La primera lectura es de Daniel que, vestido de saco y ceniza, y ayunando, dirige esta oración penitencial a Dios en representación de todo un pueblo postrado ante su Dios consciente de sus crímenes.
“Nos abruma la vergüenza” (v. 7) es un sentimiento que se expresa por dos veces para recalcar el estado anímico y espiritual de aquél, de aquéllos, que se han percatado de sus insolencias al no seguir las amonestaciones de los profetas.
Cuando nos abruma la vergüenza no somos capaces de levantar la mirada, ni el rostro. Nos gustaría que la tierra nos engullese para no tener que pasar por ese trance doloroso, en lo más hondo de cada uno, que supone la asunción de nuestras miserias. ¡Cómo duele! Sin embargo, a Dios lo conmovemos cuando nos ponemos así ante El. Por nuestros delitos, y por los del mundo entero.

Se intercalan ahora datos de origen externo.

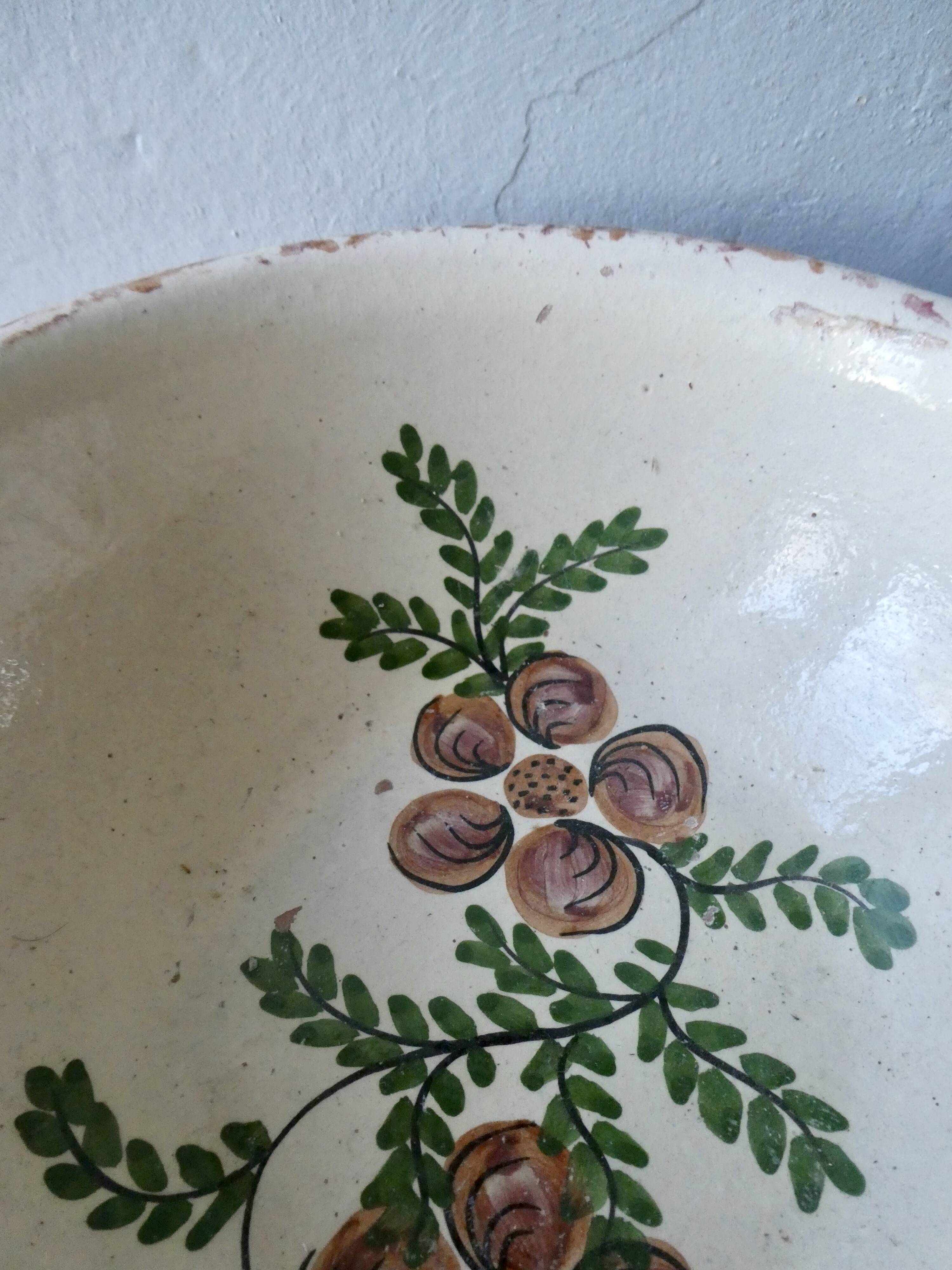 Hollow plate in enamelled terracotta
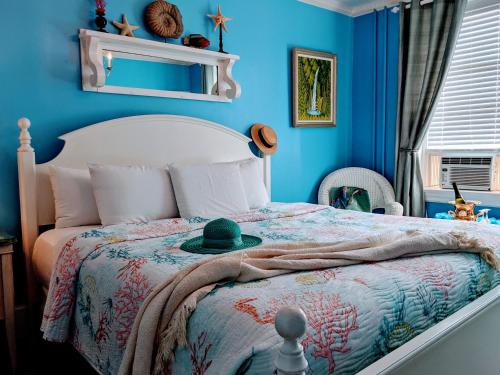a blue bedroom with a bed with a hat on it at Chelsea Pub and Inn in Atlantic City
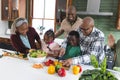 Happy african american multi generation family chopping vegetables in kitchen, slow motion Royalty Free Stock Photo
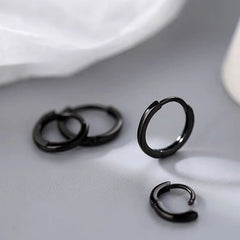 Angled view of the Sterling Silver Black Small Hoop Earrings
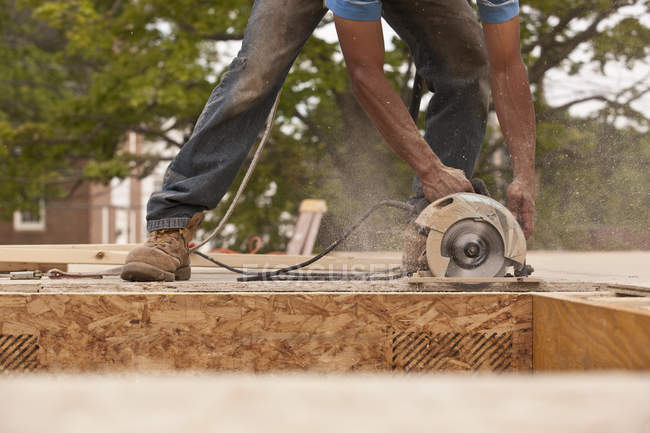 Charpentier sciant un panneau de particules sur un chantier de construction — Photo de stock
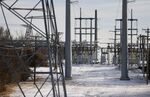 Transmission towers and power lines lead to a substation after a snow storm in Fort Worth, Texas, on Feb. 16.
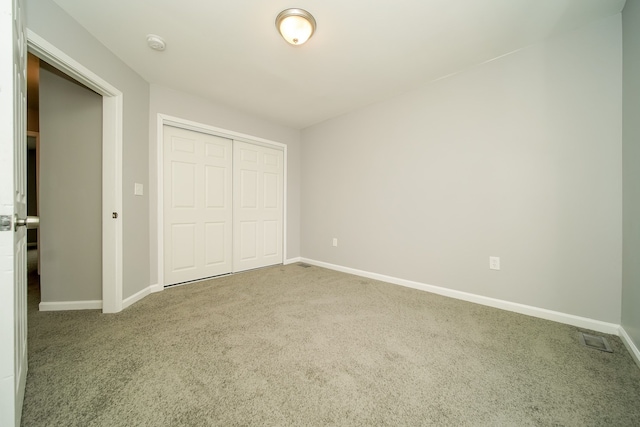 unfurnished bedroom with carpet floors and a closet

¿Cuándo nos abrumará la vergüenza de tal modo? Daniel está expresando un dolor agudo, pero él no tenía la culpa de su pueblo.
Tenemos que conseguir llegar hasta ese límite. Es un camino largo, porque no nos convencemos de la gravedad de los pecados. Nos parece demasiado que nos insistan en ello. Nos parece que hay otras cosas más importantes en la que pensar. ¡Nada más importante que la consciencia de nuestras rebeliones contra Dios, y de su gravedad!
El camino es largo porque exige peregrinar hasta lo más profundo de uno mismo, pero esa es una ruta que no siempre nos convence.
Tampoco nos convence plenamente lo que, una vez más, nos dicta Jesús respecto al amor a nuestros enemigos. Ese amor no consiste en una actitud “ligera” ante ellos, ni de “olvido fácil”. Es algo más duro. Más difícil. También exige peregrinación interna y personal. Exige tiempo. Se puede empezar por rezar por ellos. No es tan fácil. Pero es un pequeño y primer gran paso.